One area of particular concern is contracts which give a firm unilateral power to vary charges after the contract has been signed, so-called "variation clauses". These often apply to interest rates on savings and deposit accounts and residential mortgages, and to premiums for certain life and long term health insurance contracts such as critical illness and long term care policies.

Anna Bradley, FSA Director Retail Themes, said:

"Contracts define the terms of the deals customers get, but for the most part customers have no influence over what goes into them. The law requires firms to use contract terms that are fair and our Statement sets out how firms might go about achieving this.  

Being fair is all about getting the right balance between the firm and the consumer. For example the power to vary insurance premiums in long-term health contracts is not inherently unfair and consumers may benefit from a lower premium. But the contract cannot be so one-sided that the firm can then do as it pleases when it is reviewed. When first taking out the contract consumers need to know the reasons why the premium charged might change and whether and when they will be told about that change.

Where we have considered a term to be unfair, we have obtained an undertaking from the firm to cease to apply the term and to amend it for the future, and we have then published that undertaking on our website."

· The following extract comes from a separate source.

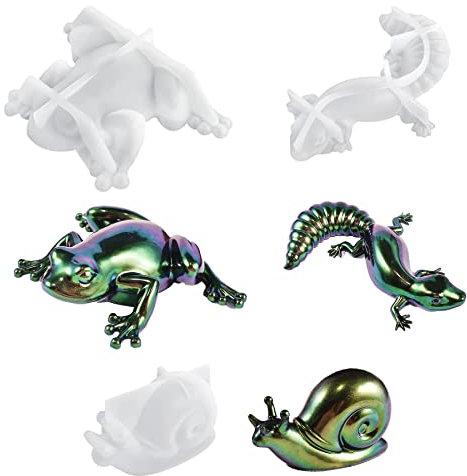 Allazone 3 PCS Moule en Résine 3D en Forme D'animaux, Lézard Moulle Resine Epoxy, Grenouille Bijoux Moule Silicone Resine Epoxy Escargot pour Bureau Mural, Décoration Intérieure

The Statement has been produced in the context of the FSA’s role as Qualifying Body (enforcement authority) for financial services firms under the Unfair Contract Terms Regulations. In keeping with the FSA's preference for principles-based regulation, it does not introduce any new rules.  

Notes to editors

  1. The Unfair Terms in Consumer Contracts Regulations apply to standard form consumer contracts which have not been individually negotiated with consumers. They apply to contracts entered into since 1 July 1995 and protect consumers against abuse by firms of the power that one-sided standard form contracts may give firms by making unfair terms unenforceable.
  2. Fairness of Terms in Consumer Contracts: Statement of Good Practice is addressed to firms regulated by the FSA. However, it is also of interest to consumers for the attention it draws to the protections that are given to them by the Regulations and what they need to look out for when signing contracts. We will shortly incorporate the Statement into our web pages dealing with the Regulations and on which we publish the undertakings we are given by firms to amend their contract terms so that they are fair.
  3. The FSA will shortly be inviting industry and consumer representatives to a round table to review the effect of the Statement and the practical issues arising from it.
  4. The FSA regulates the financial services industry and has four objectives under the Financial Services and Markets Act 2000: maintaining market confidence; promoting public understanding of the financial system; securing the appropriate degree of protection for consumers; and fighting financial crime.
  5. The FSA aims to promote efficient, orderly and fair markets, help retail consumers achieve a fair deal, and improve its business capability and effectiveness.